BY Paul Pieroni in Reviews | 10 DEC 15
Featured in
Issue 176

Nicolas Deshayes

Glasgow Sculpture Studios, UK

BY Paul Pieroni in Reviews | 10 DEC 15

Nicolas Deshayes, 'Darling, Gutter.', 2015, exhibition view

Visitors approaching Glasgow Sculpture Studios this autumn are likely to have come across a nearby billboard advertising Mini-Cooper’s latest hatch-back/estate model: the Clubman. Featuring an image of the new car alongside the words ‘GO WITH YOUR GUT’, the advert serves as a fitting prologue to Nicolas Deshayes’s debut solo outing in the city.

‘Darling, Gutter.’ comprises a single installation of six untitled sculptures (all 2015) – one freestanding in the centre of the room, the rest intermittently dotting the gallery’s walls in low positions. Cast in solid Jesmonite from shapes made using expanding polyurethane, the sculptures limn the shape of squiggly human intestines. In parts, they bloat outwards to form thick, chubby rings; elsewhere, their appearance is more scraggly, compressed. Throughout, the Jesmonite surface shows off a creepy silk shimmer – a smooth effect countered by the plantar-wart-like holes and blemishes caused by air escaping the material as it sets.

Evident from pipes that enter and leave each work, as well as the slightly oppressive temperature inside the gallery, the sculptures also function as radiators. A single, silver hot water pipe links the works together, at one point restricting the entrance to an empty, second gallery just off the main space. (A deliciously theatrical touch: a minimal gesture delivered to capacious effect.) We thus have a set-up rich in active symbolism: an installation that not only suggests the appearance of guts but, by circulating warm liquids, mimics their basic function too.

Surfaces and what they communicate have long been of interest to Deshayes: in past works, he has tainted the facades of precisely machined aluminium with splashy piss marks rendered in transparent vinyl (Public Work 1&2, 2009) and captured huddles of brown, turdy lumps in a thin carapace of gleaming, vacuum-formed plastic (Shimmering Horizons in Tantalizing Tans, 2013). Here, the engagement with superficiality remains, though now as part of a much more complex arrangement in which depth – that which does not appear, cannot be seen – figures, too.

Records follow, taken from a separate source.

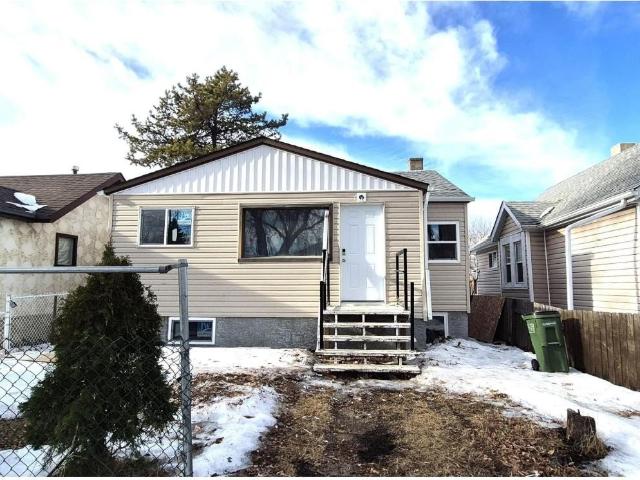 House for sale in Wedgewood, Alberta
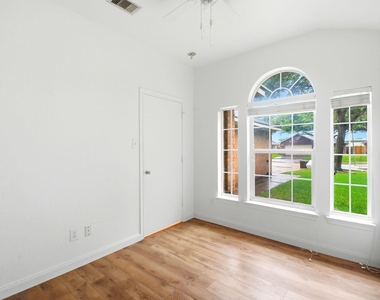 111 Thunder Basin Drive - Photo Thumbnail 20
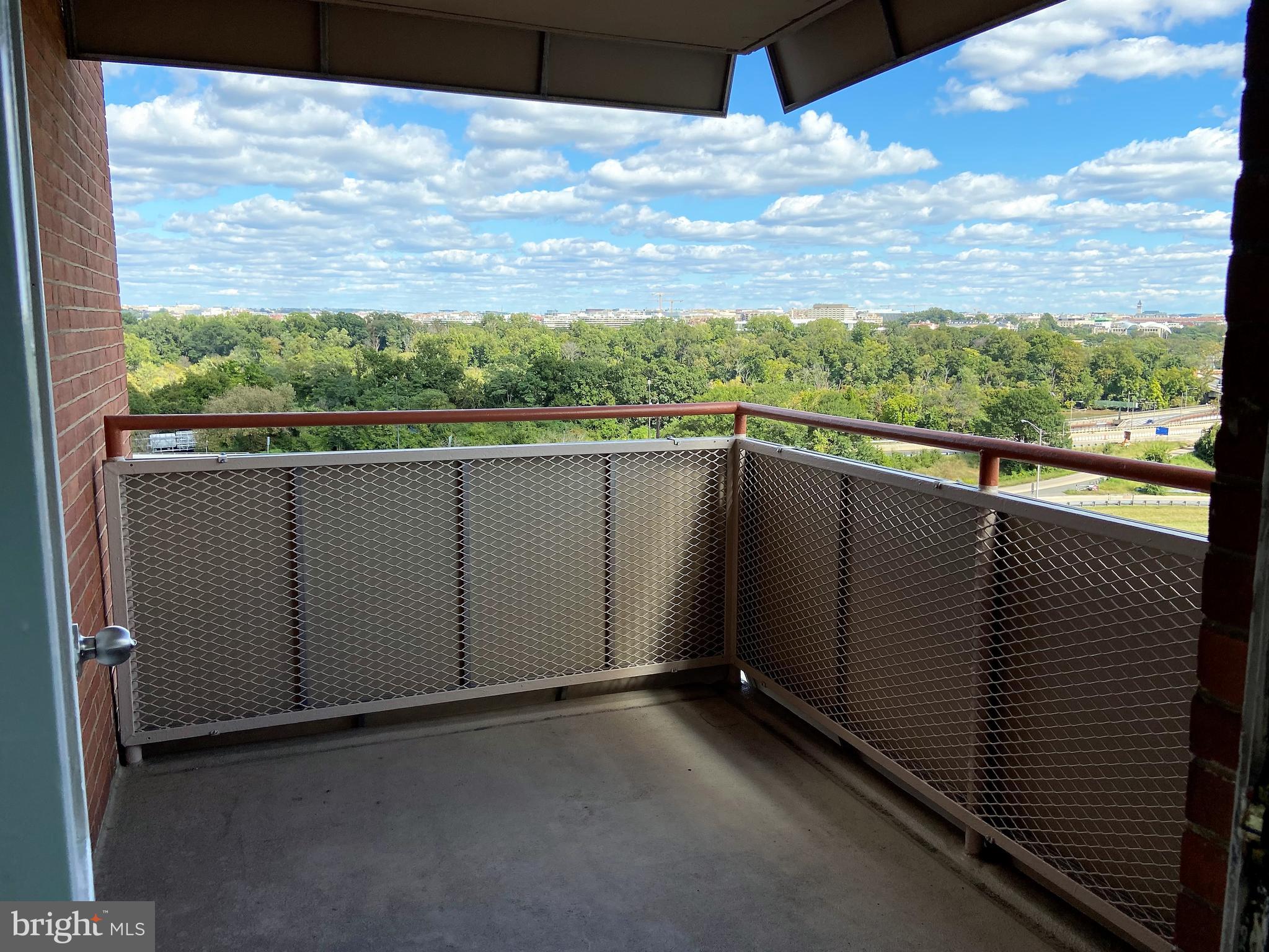 1011 ARLINGTON BOULEVARD 730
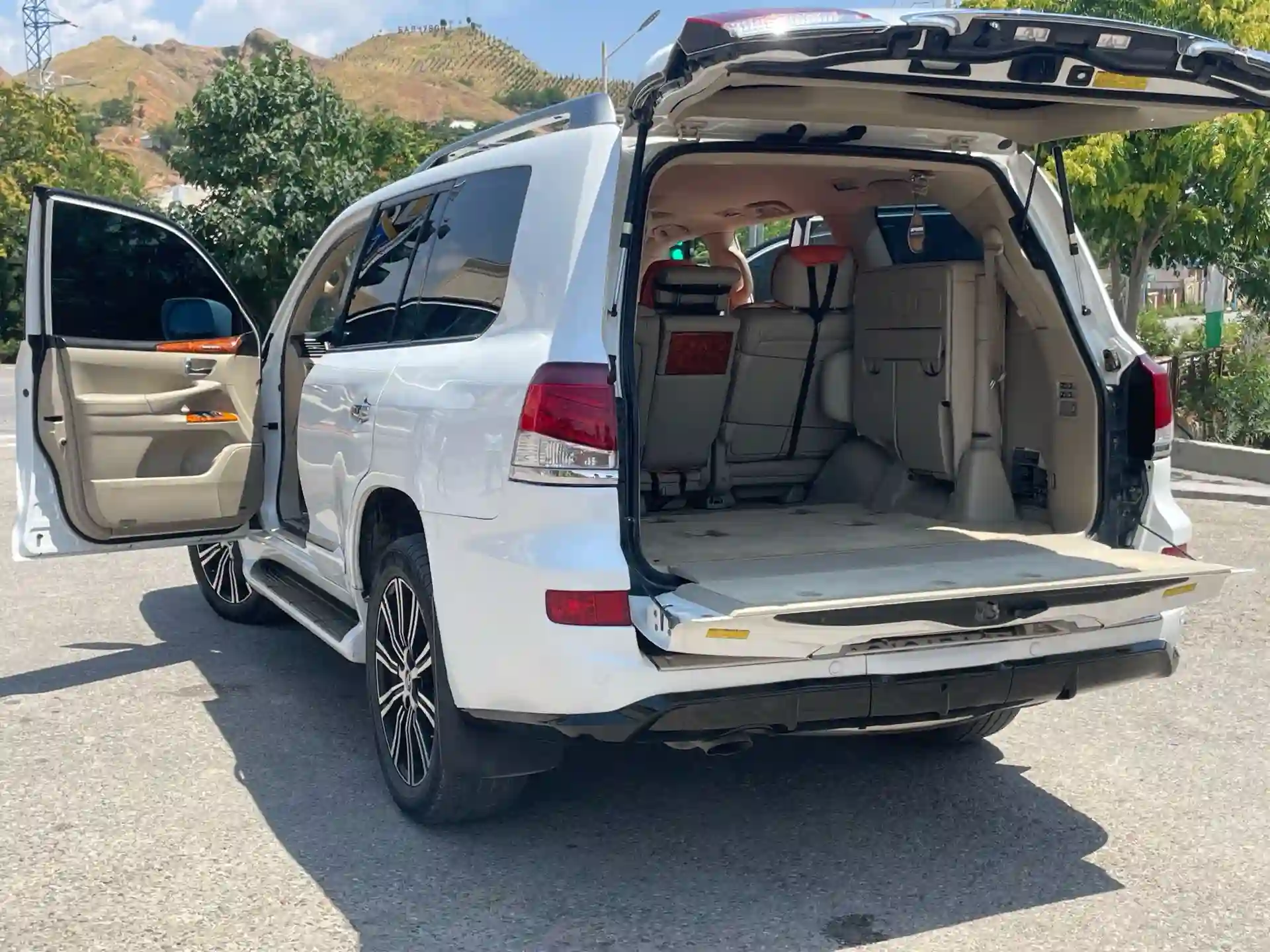 Lexus Lx series 2008 — миниатюра 11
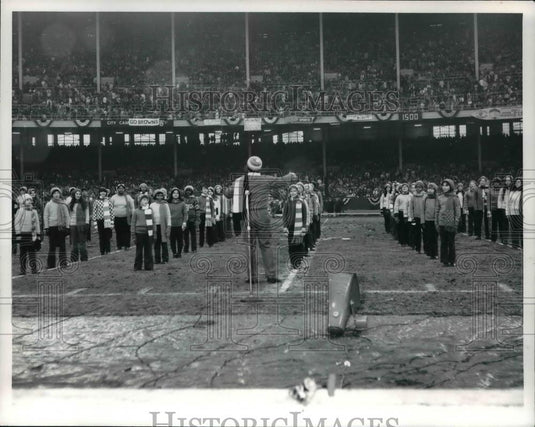 1972 Press Photo Singing Angels - cvp35096 - Historic Images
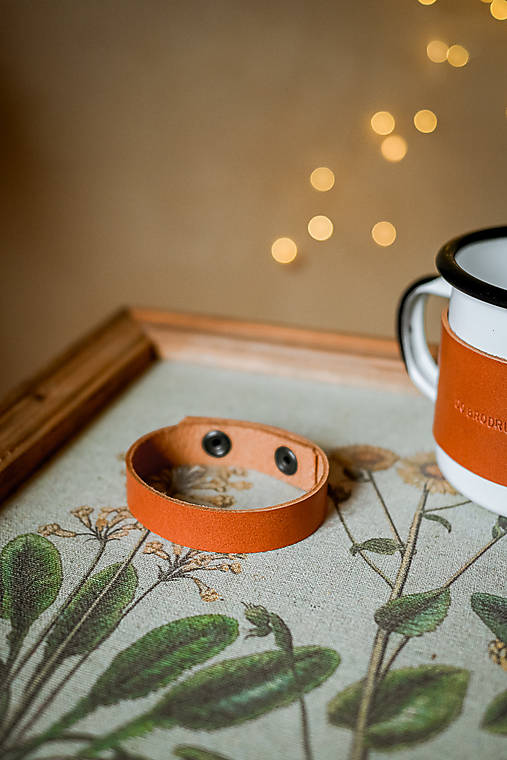 Kožený náramok s textom na želanie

So what lies beneath? It’s tempting to speak of Sigmund Freud’s early ‘hydraulic’ model of the unconscious here: a complex allegorical arrangement composed of pumps and liquid pulsations of unchecked human emotion. A better comparison, however, may come from Victor Hugo and a section of Les Misérables (1862) quoted in the exhibition’s accompanying text, in which the writer describes the city’s famous subterranean sewer network. ‘Paris has another Paris under herself,’ a place where there are ‘no more false appearances, no possible plastering, the filth takes off its shirt, absolute nakedness, rout of illusions and of mirages, nothing more but what it is’. For Hugo there is something pure about the sewers, as if what they contain is too real for surface life and its many pretensions. The fundament-al power of sewers, their earthy truthfulness, no doubt attracts Deshayes. (‘GO WITH YOUR GUT’.) As the exhibition’s love letter of a title suggests, you sense a certain intimacy – a trust and tenderness – between this work and the grot and grime that inspire it.

Deshayes’s new work also asks questions about the nature of sculpture itself. These works are barely three-dimensional. Bar the one free-standing piece (might the show have been a touch braver without it?), they cling flatly to the wall, more like gluts of pale impasto on large white canvases than sculptural tableaux. Sculpture is also not, ordinarily, a time-based medium. Yet here it is: parasitically connected to the studio’s central heating system, these ‘guts’ heat up and cool down in conjunction with the radiators in the rest of the building. In this sense there’s something anachronistically experimental, almost cybernetic, about proceedings: lines of informational ‘feedback’ connect individual objects to a broader regulatory system.

Of course, the whole conceit is also playfully self-aware. This is work pushed to undermine its own seriousness. Like Deshayes’s practice at large, ‘Darling, Gutter.’ is all smart ideas and dumb toilet jokes.